Following similar discussions with repeated measures analysis for FBA here and here, I was wondering if there was any scope for this development of longitudinal designs within connectomestats?

I can obviously do so with NBS1 in matlab, but I would like to take advantage of the nbse approach.

Oh, and admittedly I’m a newbie to connectomestats…

For input of the connectivity matrices, does it require 1) the original asymmetric matrices from tck2connectome, or 2) can I use symmetric ones - say if I have thresholded (gulp) my networks?

I’m endeavouring to make the statistical inference code - both current and future - as homogeneous as possible across different statistical inference commands. So yes, once I have sign-flipping working, it’ll appear simultaneously in fixelcfestats, mrclusterstats and connectomestats. For the use of exchangability blocks, we’ll probably stick to the current solution, which is simply to pre-generate the permutations using e.g. PALM and feed them in directly using the -permutations option.

Regarding the matrices, I need to slightly disentangle a couple of concepts:

Currently, connectomestats only operates on symmetric matrices; that is, the directionality of connections is not taken into account during the statistical testing, enhancement, or inference. Using NBSE on asymmetric matrices would require an altered enhancement algorithm; the design for which there is not a unique solution.

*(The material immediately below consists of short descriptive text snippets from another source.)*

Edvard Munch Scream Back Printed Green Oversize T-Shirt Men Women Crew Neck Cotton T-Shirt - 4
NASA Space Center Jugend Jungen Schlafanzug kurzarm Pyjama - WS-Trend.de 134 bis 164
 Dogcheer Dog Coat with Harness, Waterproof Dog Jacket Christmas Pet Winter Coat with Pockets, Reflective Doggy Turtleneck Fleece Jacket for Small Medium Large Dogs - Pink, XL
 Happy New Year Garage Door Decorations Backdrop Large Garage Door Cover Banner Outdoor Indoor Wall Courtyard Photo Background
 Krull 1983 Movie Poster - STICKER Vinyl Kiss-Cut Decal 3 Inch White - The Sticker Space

Although connectomestats operates on symmetric matrices, it is somewhat flexible in terms of the format of the matrices you provide. It will accept upper triangular, lower triangular, or full symmetric matrices. However, it will report an error if one of the input matrices is completely filled but contains inequal symmetric elements.

Ok, sorry I was loosely using the terms “asymmetric” and “symmetric”.

I was rather referring to the structure of the adjacency matrices. Say when calculating graph-properties in matlab, the networks are required to be symmetrized so that the upper triangle = lower triangle - i.e. [i,j] = [j,i]

But, the connectomes constructed with MRtrix only have the upper triangle? My question more specifically, can I input matrices with both a lower and upper triangle entries?

But, the connectomes constructed with MRtrix only have the upper triangle? My question more specifically, can I input matrices with both a lower and upper triangle entries?

Although connectomestats operates on symmetric matrices, it is somewhat flexible in terms of the format of the matrices you provide. It will accept upper triangular, lower triangular, or full symmetric matrices. However, it will report an error if one of the input matrices is completely filled but contains inequal symmetric elements.